What is needed |
Everything in the listing below must be reproduced exactly, apart from its images.
** Input data follows **
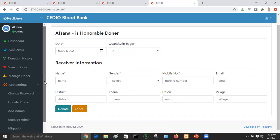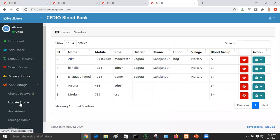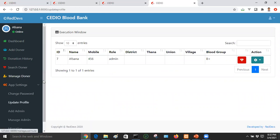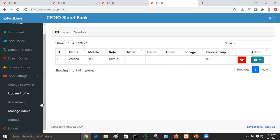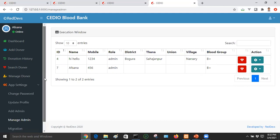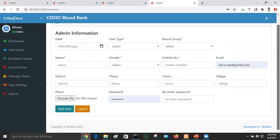You can access app settings, including password change and update profile. You can also add a login profile and manage migration. In the manage admin section, you can manage the admin panel and create password changes. You can access the admin panel and manage admin accounts.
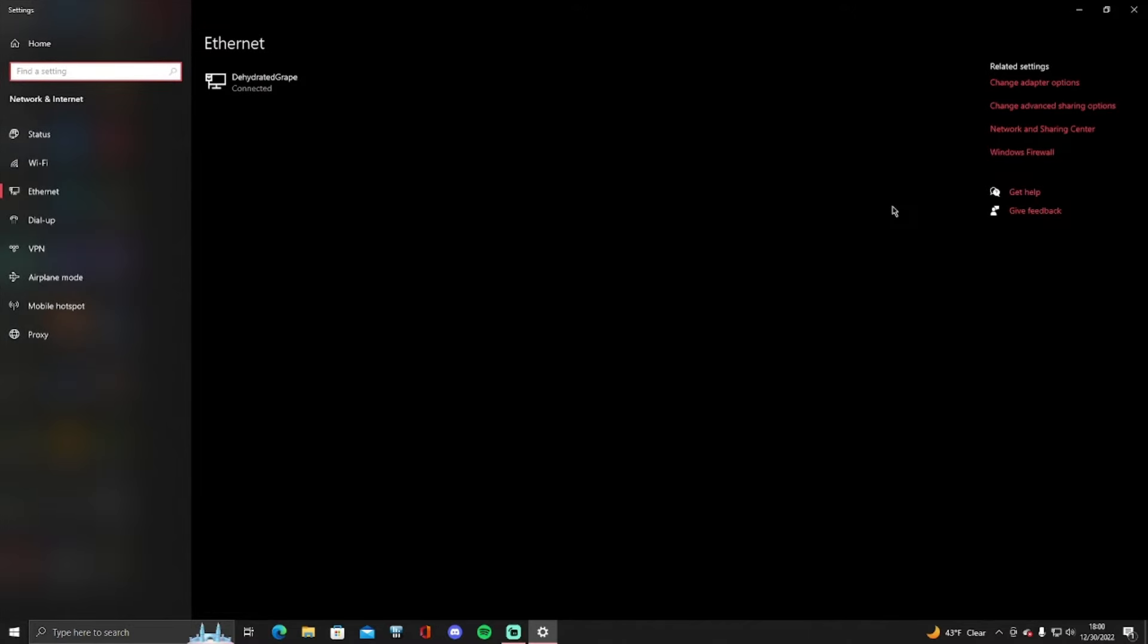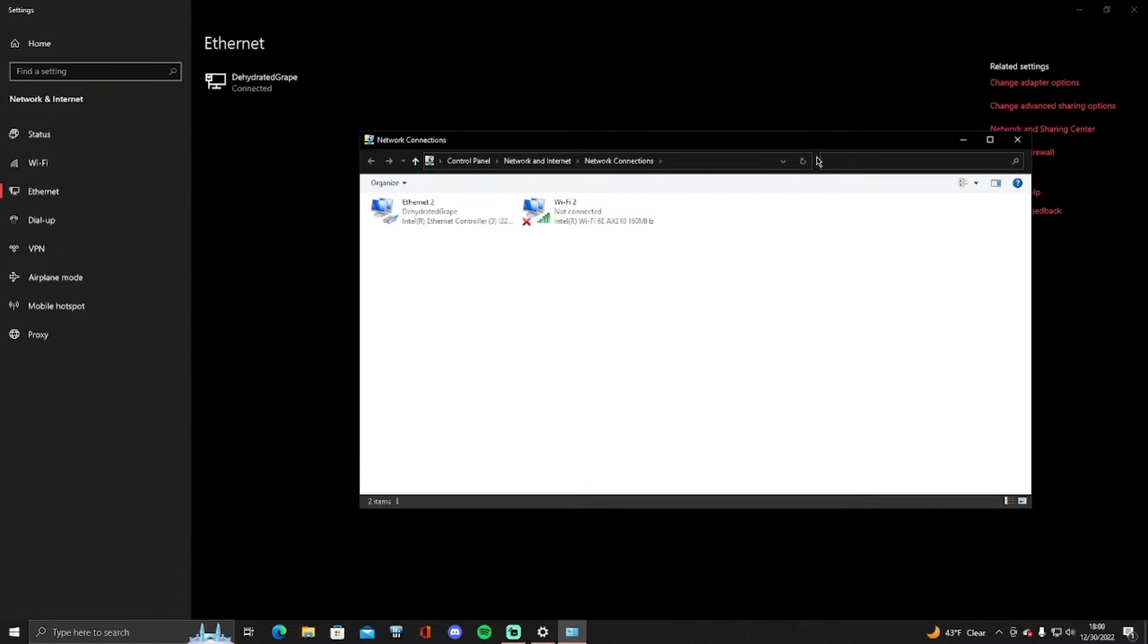So you want to go to the top right here and click on change adapter options. Once you click that you want to have options depending on all your network settings, I have either ethernet or Wi-Fi.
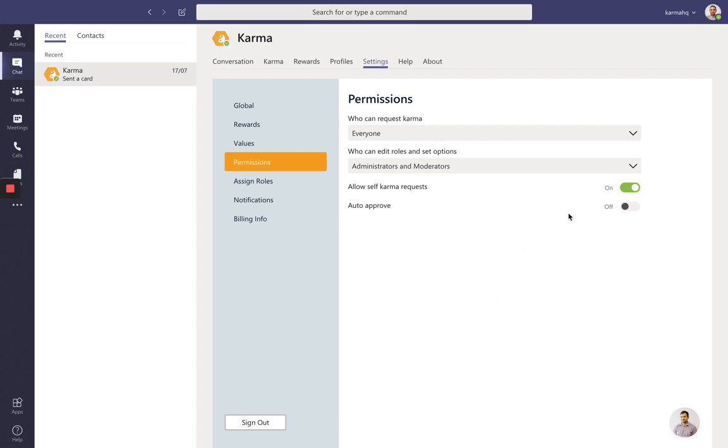Also, just make sure that you sort out the auto-approval process. If you turn it on, every point that will be given in your tenant will need to go through a process of approval. If you turn that off, they'll be approved automatically.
** End of Input data **
Written answer |
You can access app settings, including password change and update profile. You can also add a login profile and manage migration. In the manage admin section, you can manage the admin panel and create password changes. You can access the admin panel and manage admin accounts.
So you want to go to the top right here and click on change adapter options. Once you click that you want to have options depending on all your network settings, I have either ethernet or Wi-Fi.
Also, just make sure that you sort out the auto-approval process. If you turn it on, every point that will be given in your tenant will need to go through a process of approval. If you turn that off, they'll be approved automatically.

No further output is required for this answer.